Because I am over fifty and just figuring out this blogging thing, I signed up for WordPress’s handy-dandy suggestion guide to help my launch my blog with élan. Or something like that. In any case, the second thing it advised me to do (after figuring out how to start this madness) was to blog about the origin of my blog name. And guess what? I was going to do that anyhow! So now of course I’m feeling very smug and like I’ve totally got this blogging thing down. (I just need someone to explain that category vs. tag thing for the fifth time . . .) But I digress.
Here is the story of How I Titled My Blog.

This handsome man is my paternal grandfather, Edward Alexander Moore, Jr. And the adorable baby on his lap is me. You can see him up in my banner too. He’s the dashing suited youth smiling above the two doughboys. He’s also the GI on the far right showing off his jeep.
He was Philadelphian to the core. He loved his city so much that it seems a little unfair that he was born – in Altoona, where my great grandparents briefly resided. He did his duty in the war, lost a brother there, came home, took a job at Sears Roebuck and began to climb – all the way up to Vice President of Purchasing for the Eastern Seaboard. Or something like that. It was a long time ago and memory gets fuzzy. What I do remember oh-so-clearly is him and my grandmother taking my sister and I to Chicago in the late 70s to visit the Sears Tower. We got the personal VIP tour – even visited some of the executives in plush offices that thoroughly impressed 11-year-old me. My grandfather was so proud of that building, you’d think he’d laid the cornerstone himself.
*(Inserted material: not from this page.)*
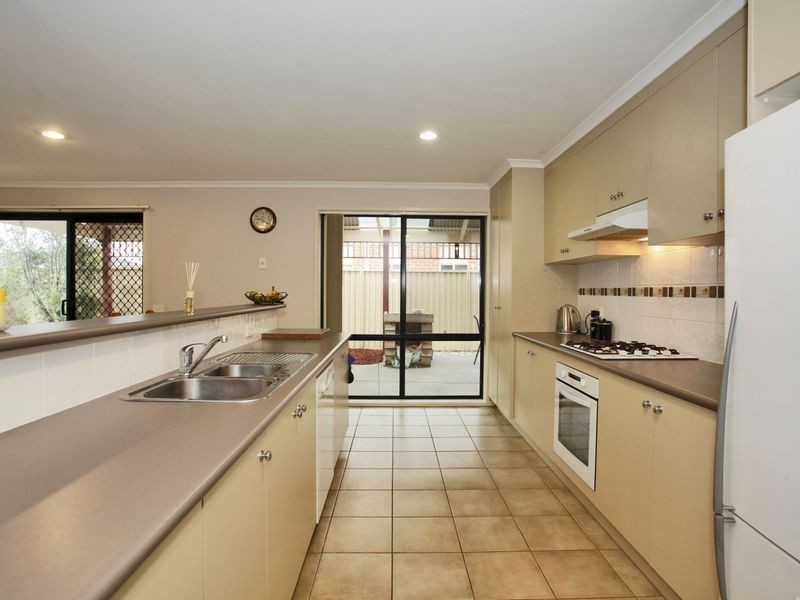 39 Bluehills Boulevard, Pakenham VIC 3810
Of course I still have my ticket!
He was also as Irish as they come. All four of his grandparents had come from the Emerald Isle. He was one of seven children in a stereotypically boisterous Irish family. Visits to my great grandparents’ house meant loud, laughing uncles, cheek-pinching aunts, and Lawrence Welk on the television. My grandfather’s siblings all looked like each other and they all had that Irish sparkle. That picture up there holding his baby granddaughter? That was him, all the time. I honestly only ever saw him look anything less than joyful twice in my life.
My sister and I called him Baba and we adored him at least as much as he adored us, which was a heck of a lot. He was like one of those movie grandfathers, as far as we were concerned, perfect in every way.
But the title! Right! Well, during one visit when I was maybe six or seven – my sister two years younger – he said to us over breakfast, “Do you girls realize you have the best last name in the world?”
Since we always hung on his every word, we both looked up from our Rice Krispies (or in my case probably Gerber oatmeal because I unapologetically loved the stuff until, like, my preteens) and waited to be told why we had the best last name in the world. I’m sure neither of us questioned the basic premise. If he said it, it must be true.
“Because,” he said, casually, underplaying it perfectly, “whenever anyone likes something, they ask for you.”
Now, we were at most five and seven. We totally didn’t get it. But I think he expected that. I can still hear the exact tone of his voice as he grinned, spread his arms wide, and dropped the punchline. “They ask for MOORE!”
I’m going to be honest; I thought it was pretty corny. After all, I was a wordly-wise second-grader. I knew my way around a silly joke. But today, some 44 years later, that morning joke is one of the tiny percentage of things that happened to me back then that I have never forgotten.
My Baba died when I was twelve, but his impact on my life was profound. And yes, when I decided to bite the blogging bullet, I knew I had to find a way to use his play on words in my blog title. I like what I came up with. I like to think if he were here to see it he’d flash that grin and ask for Moore.

Wonderful story!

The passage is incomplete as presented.